I didn’t much like the idea that people I’d never met got an opinion on how I looked and dressed when I didn’t so I asked Lineburger how he rated one.

“Sydney is a wizard, an advertising man,” Bobby answered. “He’s with Lineburger/Lambert, in New York. You can trust him. He’s the best there is.”

“We like to say we can sell popsicles to penguins,” Lineburger said. I wondered how the ability to sell people things they didn’t need or want was one that should inspire my trust, but like so many things about this whole affair I kept the thought to myself.

“You’re going to make me the new, improved, 1965 Jack Kennedy, I take it?”

He twinkled, no offense taken at all. “You got it – ‘Now with 50 per-cent more Presidentiality.’”

I found myself liking him, at the same time realizing it was probably a necessary skill for the job. His partner hadn’t said anything yet.

“What about you, Mr. Bird? You a Popsicle salesman, too?”

“Not exactly,” Bird said. He stuck a large hand out for me to shake. It felt like he could crack walnuts with it.

Bobby was flipping through a sheaf of papers. “Otis is a colleague of Syd’s, here to help with the Negro vote.”

“That’s right,” Bird said with a smile. “Sydney sells the popsicles, I sell the fried chicken and watermelon.
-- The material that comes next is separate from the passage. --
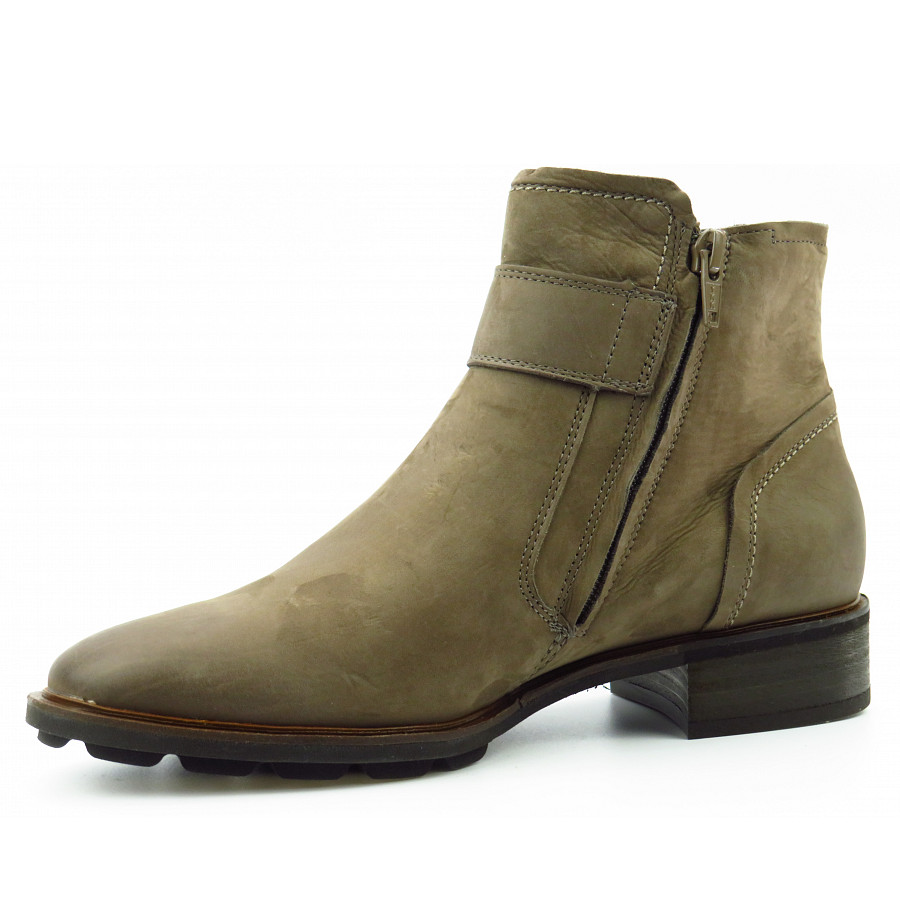 Paul Green Damen Nubuk Fango (Grau) Stiefelette In Fango (Grau)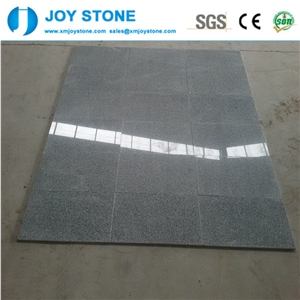 Good Quality Hubei Sesame White G603 Polished Grey Granite Floor Tile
I’m the secret weapon.”

“Otis grew up in the South, ” Sydney said by way of explanation. “The Negro population has tended to run their own show up here since the Bosses took over.  Down south things have gone back to nearly what they were before the war, except for actual slavery.

“There’s different ways to enslave a man,” Otis said. “The modern way, you just don’t have to feed and shelter him, too.”

“We want to bring them all back into the fold.” Sydney said. “Our fold. After all, the Democratic party is the party of civil rights.”

“Really? I thought the Republicans freed the slaves.”

Lineburger waved a hand, as if he were clearing smoke. “Lincoln was a Democrat in everything but name.” Sydney said. “Preserving the Union, restoring the republic – it’s the same thing, just a hundred years later.”

“Let us worry about the political theory,” Bobby said. “You’re going to be busy enough with your own job.”

I nodded at him in agreement, all the while thinking that so far as I’d heard what we had was a so-called election with one party and a single candidate, and a team of advertising people just to bedazzle the rubes just in case the odds weren’t stacked enough. But since no one had mentioned letting them actually vote, I supposed it didn’t really matter. I’d had more choice in my suits and ties than they were going to get.